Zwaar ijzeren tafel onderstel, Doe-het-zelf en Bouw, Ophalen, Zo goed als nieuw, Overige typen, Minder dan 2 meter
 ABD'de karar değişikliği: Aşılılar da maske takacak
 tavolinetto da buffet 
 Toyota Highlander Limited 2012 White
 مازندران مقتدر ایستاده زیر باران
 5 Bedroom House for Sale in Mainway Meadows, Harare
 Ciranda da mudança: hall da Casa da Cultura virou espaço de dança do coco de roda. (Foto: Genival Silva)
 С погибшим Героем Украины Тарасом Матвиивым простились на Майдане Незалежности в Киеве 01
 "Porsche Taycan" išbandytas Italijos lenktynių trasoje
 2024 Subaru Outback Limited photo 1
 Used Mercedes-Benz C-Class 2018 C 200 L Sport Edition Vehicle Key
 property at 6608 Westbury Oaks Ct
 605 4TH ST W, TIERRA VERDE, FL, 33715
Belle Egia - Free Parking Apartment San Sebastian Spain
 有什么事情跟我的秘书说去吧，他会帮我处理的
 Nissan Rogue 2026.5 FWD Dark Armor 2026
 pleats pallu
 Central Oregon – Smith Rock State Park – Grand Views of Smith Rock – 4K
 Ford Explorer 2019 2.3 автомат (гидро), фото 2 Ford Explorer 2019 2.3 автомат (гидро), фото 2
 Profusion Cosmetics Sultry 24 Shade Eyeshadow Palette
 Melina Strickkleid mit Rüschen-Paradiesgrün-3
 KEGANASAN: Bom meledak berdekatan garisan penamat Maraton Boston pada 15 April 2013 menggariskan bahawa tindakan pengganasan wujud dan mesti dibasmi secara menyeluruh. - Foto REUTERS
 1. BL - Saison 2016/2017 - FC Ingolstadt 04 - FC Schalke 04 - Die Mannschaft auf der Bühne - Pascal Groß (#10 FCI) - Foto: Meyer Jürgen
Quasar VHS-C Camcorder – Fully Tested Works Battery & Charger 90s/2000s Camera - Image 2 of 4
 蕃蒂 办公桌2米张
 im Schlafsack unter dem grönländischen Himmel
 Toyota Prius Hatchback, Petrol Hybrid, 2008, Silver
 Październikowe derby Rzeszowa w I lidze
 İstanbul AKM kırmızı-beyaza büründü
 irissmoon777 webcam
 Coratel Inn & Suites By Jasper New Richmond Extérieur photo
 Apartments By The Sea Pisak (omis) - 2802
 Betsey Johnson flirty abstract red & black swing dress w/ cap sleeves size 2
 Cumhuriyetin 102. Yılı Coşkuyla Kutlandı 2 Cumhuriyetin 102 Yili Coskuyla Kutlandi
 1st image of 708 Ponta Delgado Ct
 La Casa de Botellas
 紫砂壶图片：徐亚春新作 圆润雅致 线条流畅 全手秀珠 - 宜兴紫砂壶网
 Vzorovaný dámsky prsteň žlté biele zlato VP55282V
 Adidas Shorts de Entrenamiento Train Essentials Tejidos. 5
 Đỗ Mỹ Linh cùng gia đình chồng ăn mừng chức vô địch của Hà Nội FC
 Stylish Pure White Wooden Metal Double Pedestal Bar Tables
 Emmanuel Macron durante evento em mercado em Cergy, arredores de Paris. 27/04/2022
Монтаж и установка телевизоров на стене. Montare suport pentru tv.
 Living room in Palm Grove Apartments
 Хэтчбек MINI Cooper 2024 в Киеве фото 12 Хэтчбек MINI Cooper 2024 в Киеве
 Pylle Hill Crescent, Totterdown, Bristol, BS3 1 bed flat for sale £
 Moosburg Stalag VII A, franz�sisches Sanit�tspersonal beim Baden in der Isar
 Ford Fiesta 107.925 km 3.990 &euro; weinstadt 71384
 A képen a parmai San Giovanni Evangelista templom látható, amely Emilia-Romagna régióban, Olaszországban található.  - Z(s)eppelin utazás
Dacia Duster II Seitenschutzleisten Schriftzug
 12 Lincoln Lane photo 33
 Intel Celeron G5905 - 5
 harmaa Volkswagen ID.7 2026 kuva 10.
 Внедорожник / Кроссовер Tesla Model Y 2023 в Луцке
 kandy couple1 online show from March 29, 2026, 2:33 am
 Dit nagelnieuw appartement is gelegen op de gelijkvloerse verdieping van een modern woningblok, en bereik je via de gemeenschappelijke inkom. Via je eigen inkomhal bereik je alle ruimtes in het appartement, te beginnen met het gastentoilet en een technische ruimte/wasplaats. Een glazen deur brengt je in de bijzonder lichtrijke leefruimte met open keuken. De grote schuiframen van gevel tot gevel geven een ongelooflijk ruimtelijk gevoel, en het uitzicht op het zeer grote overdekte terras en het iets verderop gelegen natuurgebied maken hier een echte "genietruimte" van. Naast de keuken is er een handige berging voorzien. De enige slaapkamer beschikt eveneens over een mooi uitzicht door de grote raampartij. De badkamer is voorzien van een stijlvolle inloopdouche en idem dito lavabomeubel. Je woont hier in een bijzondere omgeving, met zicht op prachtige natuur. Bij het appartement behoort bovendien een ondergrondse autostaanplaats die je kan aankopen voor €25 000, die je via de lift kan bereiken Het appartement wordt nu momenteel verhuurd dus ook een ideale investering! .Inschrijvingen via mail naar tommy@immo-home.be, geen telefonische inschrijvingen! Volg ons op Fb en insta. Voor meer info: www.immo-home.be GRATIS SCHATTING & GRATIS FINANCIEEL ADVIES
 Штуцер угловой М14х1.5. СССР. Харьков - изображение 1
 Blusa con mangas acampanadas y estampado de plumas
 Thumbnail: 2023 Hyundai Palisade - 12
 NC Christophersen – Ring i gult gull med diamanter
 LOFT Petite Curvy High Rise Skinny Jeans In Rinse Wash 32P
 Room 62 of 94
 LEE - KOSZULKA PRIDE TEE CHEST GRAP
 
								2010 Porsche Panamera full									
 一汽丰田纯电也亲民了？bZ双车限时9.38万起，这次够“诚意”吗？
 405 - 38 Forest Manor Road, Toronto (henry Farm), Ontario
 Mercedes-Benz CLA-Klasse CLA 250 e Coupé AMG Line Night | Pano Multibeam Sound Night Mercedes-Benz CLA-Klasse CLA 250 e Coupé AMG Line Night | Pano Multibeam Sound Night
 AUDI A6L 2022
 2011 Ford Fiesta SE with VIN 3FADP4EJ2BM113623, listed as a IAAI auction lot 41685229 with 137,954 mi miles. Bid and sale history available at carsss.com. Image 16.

_ _ _

■ **WHAT YOU WILL DO**: Reproduce the entire listing. Keep every word as it is.

■ **PROBLEM SOLUTION**:
Zwaar ijzeren tafel onderstel, Doe-het-zelf en Bouw, Ophalen, Zo goed als nieuw, Overige typen, Minder dan 2 meter
 ABD'de karar değişikliği: Aşılılar da maske takacak
 tavolinetto da buffet 
 Toyota Highlander Limited 2012 White
 مازندران مقتدر ایستاده زیر باران
 5 Bedroom House for Sale in Mainway Meadows, Harare
 Ciranda da mudança: hall da Casa da Cultura virou espaço de dança do coco de roda. (Foto: Genival Silva)
 С погибшим Героем Украины Тарасом Матвиивым простились на Майдане Незалежности в Киеве 01
 "Porsche Taycan" išbandytas Italijos lenktynių trasoje
 2024 Subaru Outback Limited photo 1
 Used Mercedes-Benz C-Class 2018 C 200 L Sport Edition Vehicle Key
 property at 6608 Westbury Oaks Ct
 605 4TH ST W, TIERRA VERDE, FL, 33715
Belle Egia - Free Parking Apartment San Sebastian Spain
 有什么事情跟我的秘书说去吧，他会帮我处理的
 Nissan Rogue 2026.5 FWD Dark Armor 2026
 pleats pallu
 Central Oregon – Smith Rock State Park – Grand Views of Smith Rock – 4K
 Ford Explorer 2019 2.3 автомат (гидро), фото 2 Ford Explorer 2019 2.3 автомат (гидро), фото 2
 Profusion Cosmetics Sultry 24 Shade Eyeshadow Palette
 Melina Strickkleid mit Rüschen-Paradiesgrün-3
 KEGANASAN: Bom meledak berdekatan garisan penamat Maraton Boston pada 15 April 2013 menggariskan bahawa tindakan pengganasan wujud dan mesti dibasmi secara menyeluruh. - Foto REUTERS
 1. BL - Saison 2016/2017 - FC Ingolstadt 04 - FC Schalke 04 - Die Mannschaft auf der Bühne - Pascal Groß (#10 FCI) - Foto: Meyer Jürgen
Quasar VHS-C Camcorder – Fully Tested Works Battery & Charger 90s/2000s Camera - Image 2 of 4
 蕃蒂 办公桌2米张
 im Schlafsack unter dem grönländischen Himmel
 Toyota Prius Hatchback, Petrol Hybrid, 2008, Silver
 Październikowe derby Rzeszowa w I lidze
 İstanbul AKM kırmızı-beyaza büründü
 irissmoon777 webcam
 Coratel Inn & Suites By Jasper New Richmond Extérieur photo
 Apartments By The Sea Pisak (omis) - 2802
 Betsey Johnson flirty abstract red & black swing dress w/ cap sleeves size 2
 Cumhuriyetin 102. Yılı Coşkuyla Kutlandı 2 Cumhuriyetin 102 Yili Coskuyla Kutlandi
 1st image of 708 Ponta Delgado Ct
 La Casa de Botellas
 紫砂壶图片：徐亚春新作 圆润雅致 线条流畅 全手秀珠 - 宜兴紫砂壶网
 Vzorovaný dámsky prsteň žlté biele zlato VP55282V
 Adidas Shorts de Entrenamiento Train Essentials Tejidos. 5
 Đỗ Mỹ Linh cùng gia đình chồng ăn mừng chức vô địch của Hà Nội FC
 Stylish Pure White Wooden Metal Double Pedestal Bar Tables
 Emmanuel Macron durante evento em mercado em Cergy, arredores de Paris. 27/04/2022
Монтаж и установка телевизоров на стене. Montare suport pentru tv.
 Living room in Palm Grove Apartments
 Хэтчбек MINI Cooper 2024 в Киеве фото 12 Хэтчбек MINI Cooper 2024 в Киеве
 Pylle Hill Crescent, Totterdown, Bristol, BS3 1 bed flat for sale £
 Moosburg Stalag VII A, franz�sisches Sanit�tspersonal beim Baden in der Isar
 Ford Fiesta 107.925 km 3.990 &euro; weinstadt 71384
 A képen a parmai San Giovanni Evangelista templom látható, amely Emilia-Romagna régióban, Olaszországban található.  - Z(s)eppelin utazás
Dacia Duster II Seitenschutzleisten Schriftzug
 12 Lincoln Lane photo 33
 Intel Celeron G5905 - 5
 harmaa Volkswagen ID.7 2026 kuva 10.
 Внедорожник / Кроссовер Tesla Model Y 2023 в Луцке
 kandy couple1 online show from March 29, 2026, 2:33 am
 Dit nagelnieuw appartement is gelegen op de gelijkvloerse verdieping van een modern woningblok, en bereik je via de gemeenschappelijke inkom. Via je eigen inkomhal bereik je alle ruimtes in het appartement, te beginnen met het gastentoilet en een technische ruimte/wasplaats. Een glazen deur brengt je in de bijzonder lichtrijke leefruimte met open keuken. De grote schuiframen van gevel tot gevel geven een ongelooflijk ruimtelijk gevoel, en het uitzicht op het zeer grote overdekte terras en het iets verderop gelegen natuurgebied maken hier een echte "genietruimte" van. Naast de keuken is er een handige berging voorzien. De enige slaapkamer beschikt eveneens over een mooi uitzicht door de grote raampartij. De badkamer is voorzien van een stijlvolle inloopdouche en idem dito lavabomeubel. Je woont hier in een bijzondere omgeving, met zicht op prachtige natuur. Bij het appartement behoort bovendien een ondergrondse autostaanplaats die je kan aankopen voor €25 000, die je via de lift kan bereiken Het appartement wordt nu momenteel verhuurd dus ook een ideale investering! .Inschrijvingen via mail naar tommy@immo-home.be, geen telefonische inschrijvingen! Volg ons op Fb en insta. Voor meer info: www.immo-home.be GRATIS SCHATTING & GRATIS FINANCIEEL ADVIES
 Штуцер угловой М14х1.5. СССР. Харьков - изображение 1
 Blusa con mangas acampanadas y estampado de plumas
 Thumbnail: 2023 Hyundai Palisade - 12
 NC Christophersen – Ring i gult gull med diamanter
 LOFT Petite Curvy High Rise Skinny Jeans In Rinse Wash 32P
 Room 62 of 94
 LEE - KOSZULKA PRIDE TEE CHEST GRAP
 
								2010 Porsche Panamera full									
 一汽丰田纯电也亲民了？bZ双车限时9.38万起，这次够“诚意”吗？
 405 - 38 Forest Manor Road, Toronto (henry Farm), Ontario
 Mercedes-Benz CLA-Klasse CLA 250 e Coupé AMG Line Night | Pano Multibeam Sound Night Mercedes-Benz CLA-Klasse CLA 250 e Coupé AMG Line Night | Pano Multibeam Sound Night
 AUDI A6L 2022
 2011 Ford Fiesta SE with VIN 3FADP4EJ2BM113623, listed as a IAAI auction lot 41685229 with 137,954 mi miles. Bid and sale history available at carsss.com. Image 16.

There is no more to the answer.